Kitabın gelirini sosyal sorumluluk projesi için kullanacağınızı öğrendik. Neler söyleyeceksiniz bu konuda?
Her insanın idealleri var elbette. Laik, demokratik, hukuk devleti olan Türkiye Cumhuriyetinde eğitim gören, ihtiyaç sahibi gençlerimize ‘burs sağlamak’, kaynaklarımın elverdiği ölçüde gerçekleştirmeye çalıştığım, önem verdiğim bir konu. Kitabım da bu idealime katkı sunuyor. ’’Her Yer Vatan Toprağı’’na gösterilen yakın ilgi sayesinde ‘’burs ‘’verebildiğim öğrenci sayısı daha da artıyor. Bu da bana büyük bir mutluluk veriyor.
Tam bir ‘başucu kitabı’…Büyük emek vererek hazırlamışsınız. Günlük tutar mısınız? Daha önce hiç yazım deneyiminiz oldu mu?
Günlük tutmam. Ancak fotoğraflarımı dijitalde tutmak yerine karta bastırarak, albüm yapma merakım var. Kronolojik olarak özenle hazırladığım fotoğraf albümlerim tam bir günlük niteliğinde olup arkaları da notlarla doludur. Halen fotoğraflarımı karta bastırıp saklıyorum. Ara sıra albümlerime bakmak bana daima keyif verir, hafızamı tazeler. Bunun yanında “ne-nerede, niçin, ne zaman, kim” sorularını soran, araştırmacı bir mizacım var. Sebep sonuç ilişkilerine meraklıyım. Basım için hazırlanmış hiçbir yazım deneyimim olmadı. Ancak, Gaziantep Amerikan Hastanesinin 150. kuruluş yıldönümü dolayısıyla Sağlık Eğitim Vakfı ilk kez 1997 yılında bir etkinlik düzenlemişti. Daha sonra bir gelenek haline getirilen etkinliğe ben de eşimle katılmıştım. Bu etkinlikte Prof. Dr. Turhan Baytop’un hazırladığı, ‘Antep’in Öncü Hekimleri’ adlı bir kitap dağıtılmıştı. Bu kitap, İstanbul’dan sonra ilk kez bir Anadolu şehri olan Gaziantep’te modern tıp, ecza ve diş hekimliği eğitimi veren Merkezi Türkiye Koleji’nin kurulması hakkındaydı. Çok etkilendim. Misyonerlerin Gaziantep’e yerleşmeleri ve faaliyetleri konusunu araştırıp, öğrenmeme neden olmuştu.
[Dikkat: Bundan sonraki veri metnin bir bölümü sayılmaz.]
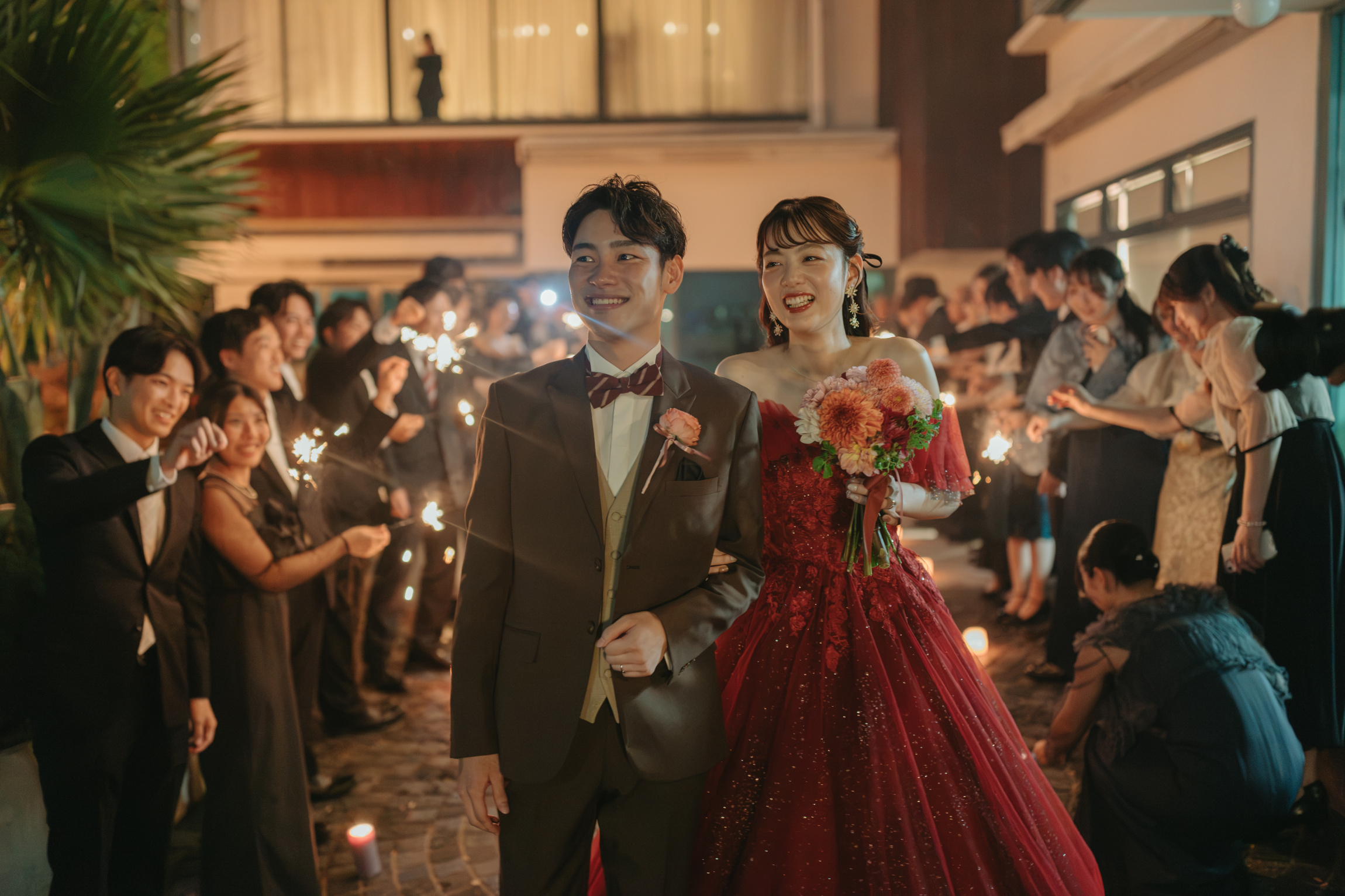 ゲストと笑い合う新郎新婦 TOAST 神戸北野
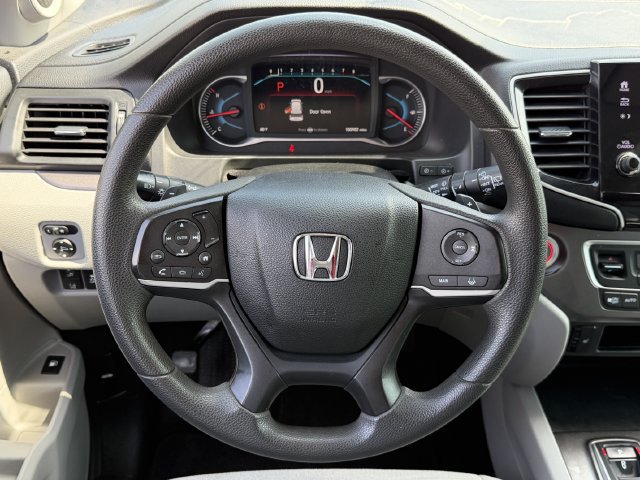 Used 2021 Honda Pilot EX image 11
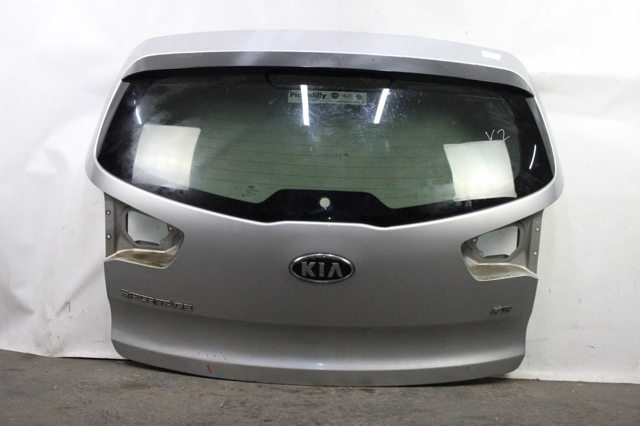 Двері багажника 737003U010 HYUNDAI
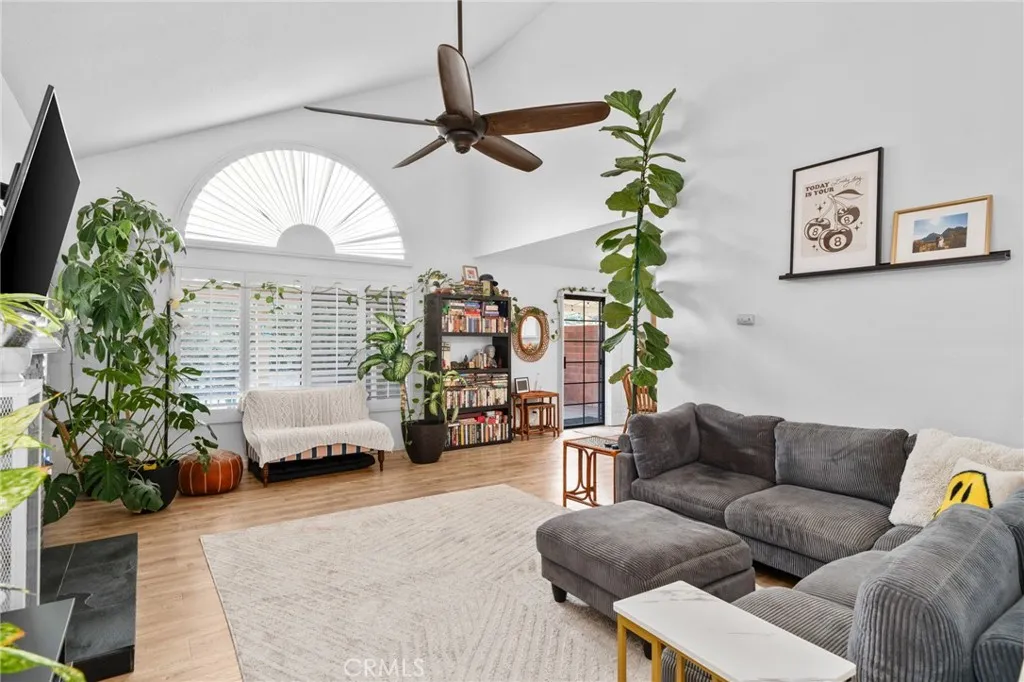 2160 Falcon Crest Drive, Riverside, California 92506 home-pic-4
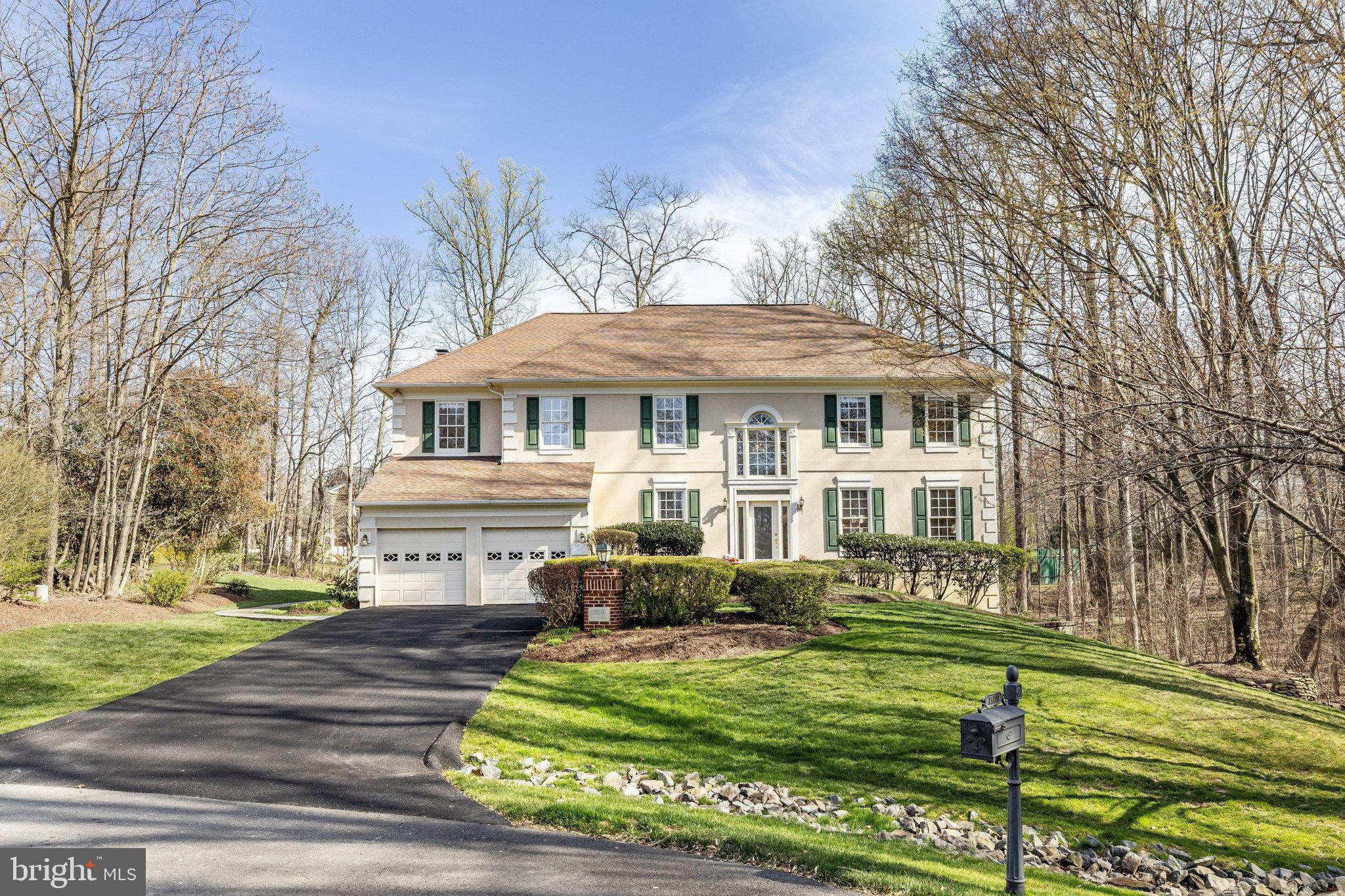 CARIS GLENNE - Residential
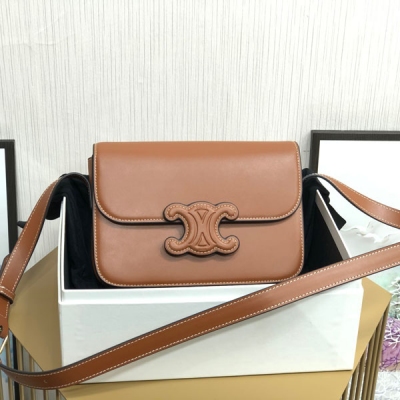 CELINE CUIR TRIOMPHE Box 棕色凱旋門logo皮標斜挎包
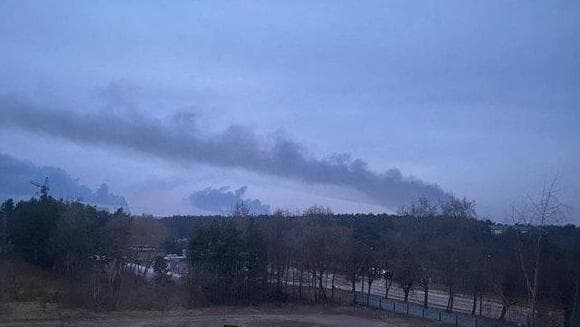 עשן עולה מ אזור בסיס צבאי יבוריב ב מערב אוקראינה ליד גבול פולין בעקבות מתקפת טילים של רוסיה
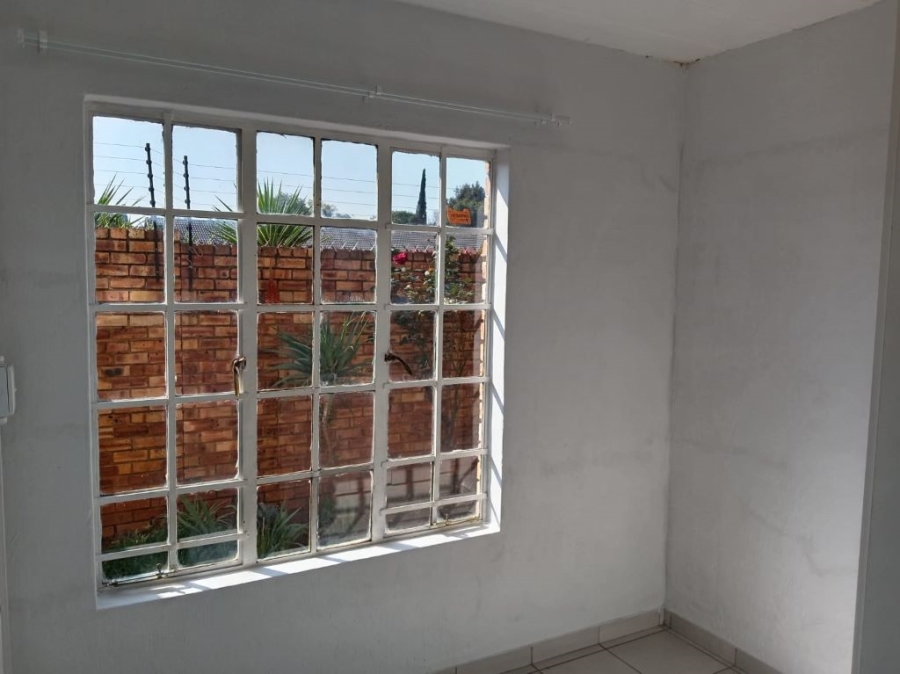 3 Bedroom Property for Sale in Brackenhurst Gauteng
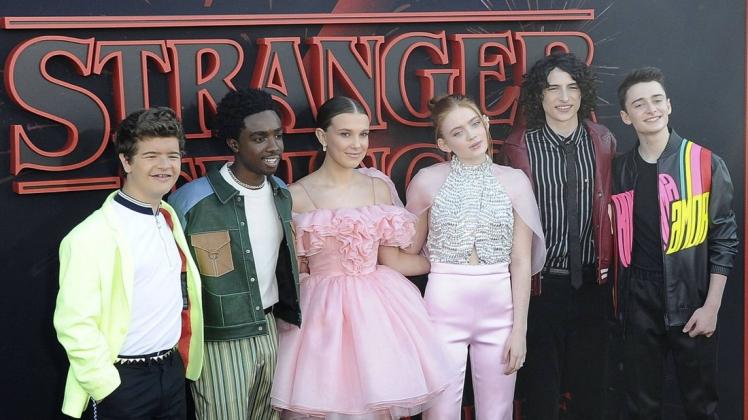 "Stranger Things" ist eine der erfolgreichsten Netflix-Eigenproduktionen. Hier posieren die Schauspieler bei der Weltpremiere der 3. Staffel Ende Juni in Santa Monica. 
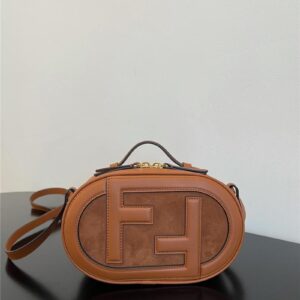 fendi logo suede camera bag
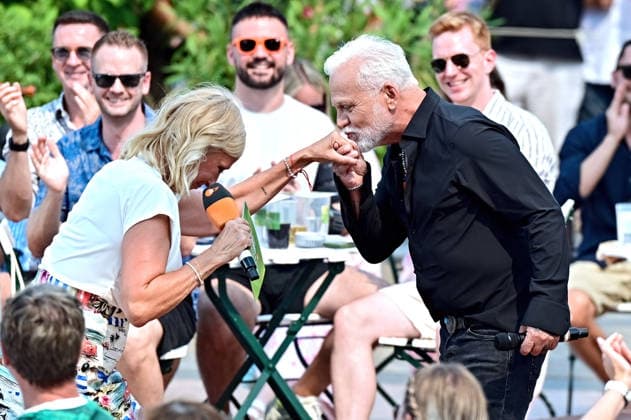 ZDF - Fernsehgarten. Moderatorin Andrea Kiwi Kiewel und Sänger Nino de Angelo während der ZDF - Unterhaltungsshow Fernsehgarten am 16.08.2026 in Mainz. 20260816MWI140261 *** ZDF Fernsehgarten host Andrea Kiwi Kiewel and singer Nino de Angelo during the ZDF entertainment show Fernsehgarten on August 16, 2026, in Mainz 20260816MWI140261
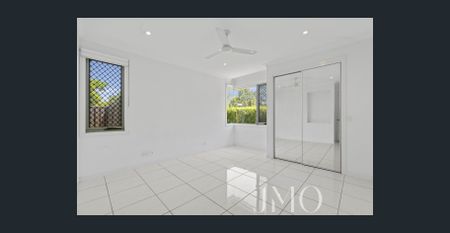 Large Family Home in Quite Ormeau Location - Photo 4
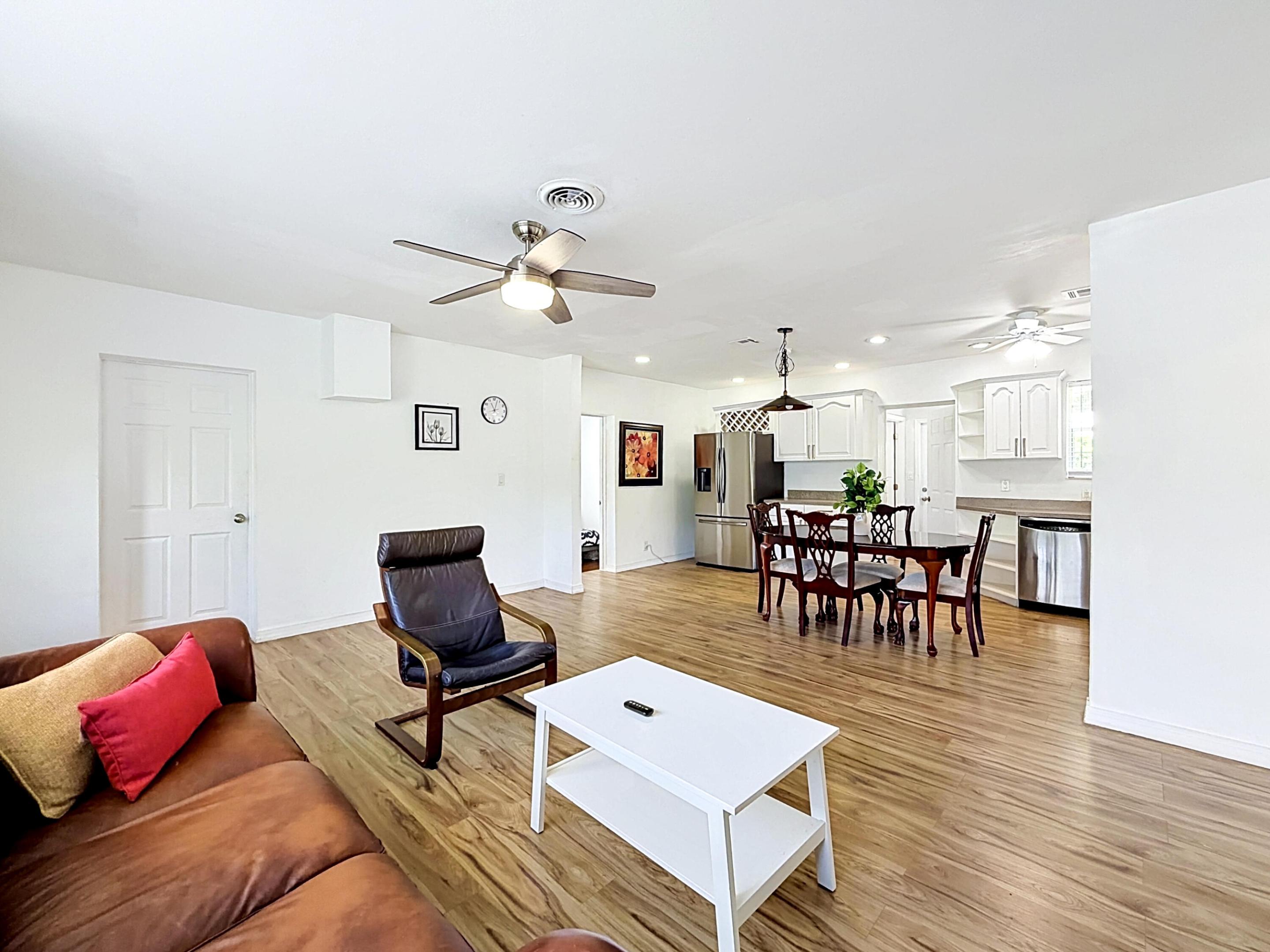 IMPERIAL POINT 2 SEC - Residential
Böylece bir farkındalık hikâyesi daha yaşadım. İşte en büyük isteğim, benim kitabımın da birilerinde farkındalık yaratmasıdır.
Çok uzun süre Gaziantep’te yaşadınız, STK’larda faaliyetler gösterdiniz, önemli görevlerde bulundunuz. Gaziantep’e dair neler söylemek istersiniz?
Gülşah Hanım, öncelikle Cemiyet Dergisi ailesi adına size teşekkür etmek isterim. Bundan tam 11 yıl önce, yukarda anlattığım gibi anneannemin gelinliği büyük ilgi ve beğeni toplayınca sizler de evime misafir olmuş, güzel güzel sohbet etmiştik. Şimdi de ‘’Her Yer Vatan Toprağı’ ’için bir aradayız. Sosyal ve kültürel etkinliklere gösterdiğiniz bu güzel yaklaşımlarınız dolayısıyla sizleri yürekten kutluyorum.
Gaziantep’e dair neler söylemek istersiniz, sorusuna gelince… İnsanın çocukluğu anayurduymuş. Dolayısıyla İstanbul anayurdum ama Gaziantep benim gençliğim. Gençlik ne kadar güzelse Gaziantep de benim için o kadar güzel, o kadar değerli. Bunu birkaç kelimeyle anlatabilmek mümkün değil. İster aileniz o şehirden olsun, ister başka bir sebeple bulunduğunuz şehirden diğerine gidin. Bana göre ‘şehirli’ olmak bulunduğunuz şehri sevip, o şehir için faydalı bir şeyler yapmak, katkı sunmak, o şehrin geçmişini, geleneğini özümsemek, insanına, değerlerine saygı ile yaklaşmaktır. Önyargılar insanları sınırlar hatta yanlış düşüncelere sebebiyet verebilir. Ben Gaziantep kültürüne önyargısız yaklaştım. Gaziantepli olmaya çalıştım. Bu yaklaşımım Gaziantepliler tarafından gereken değeri gördü. Sevildim, sayıldım. Gaziantep beni, ben Gaziantep’i çok sevdim. Girişimci, gönlü açık, hayırsever halkına hayran oldum. Bu vesileyle ve sizlerin aracılığı ile ben Sema Tural Tatar, eşim Eray Tatar ve kızlarımız Ece Tatar Sıdal, Tuğçe Tatar Halaçoğlu Gazianteplileri sevgi ve saygılarımızla selamlıyoruz.
Türkiye’miz o kadar güzel, o kadar değerli ki. İnanın ‘Her yer vatan toprağı’. Bunu hepimiz böyle bilelim, ülkemizi sevelim, başkalarına da sevdirelim. İnsanlarımıza önyargısız yaklaşalım. Şehirli olmak için gösterdiğimiz çabayı Türkiye’mizin her karış toprağına gösterelim istiyorum.